▸ What the task asks:
The copy you give must match the listing below exactly and contain no pictures.

▸ Data extract:
::::

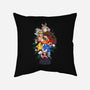 Megadrive-None-Removable Cover w Insert-Throw Pillow-jacnicolauart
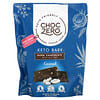 Dark Chocolate With Sea Salt, Coconut, Sugar Free, 6 Bars, 1 oz Each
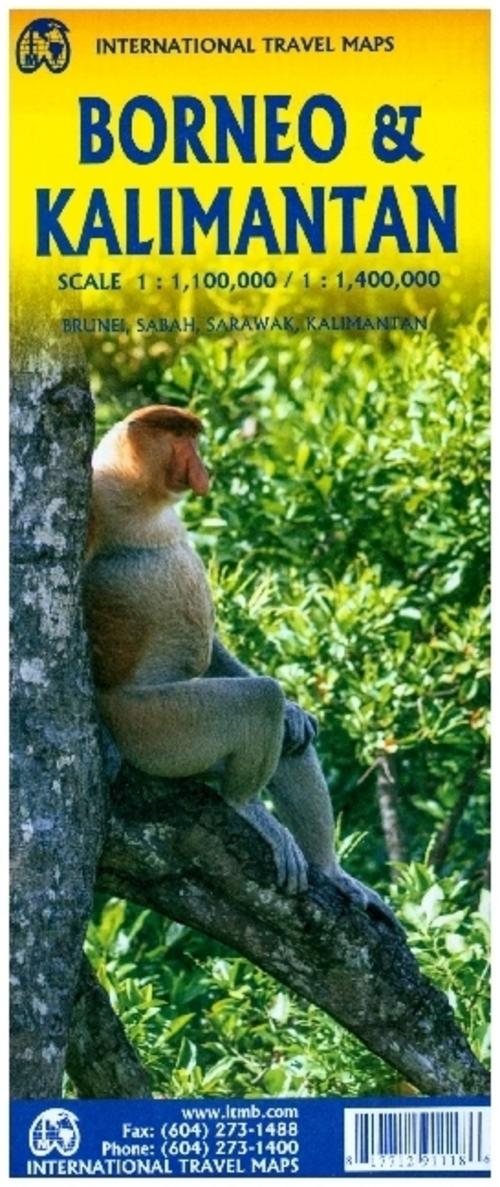 Borneo & Kalimantan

::::

▸ Exercise response:
 Megadrive-None-Removable Cover w Insert-Throw Pillow-jacnicolauart
 Dark Chocolate With Sea Salt, Coconut, Sugar Free, 6 Bars, 1 oz Each
 Borneo & Kalimantan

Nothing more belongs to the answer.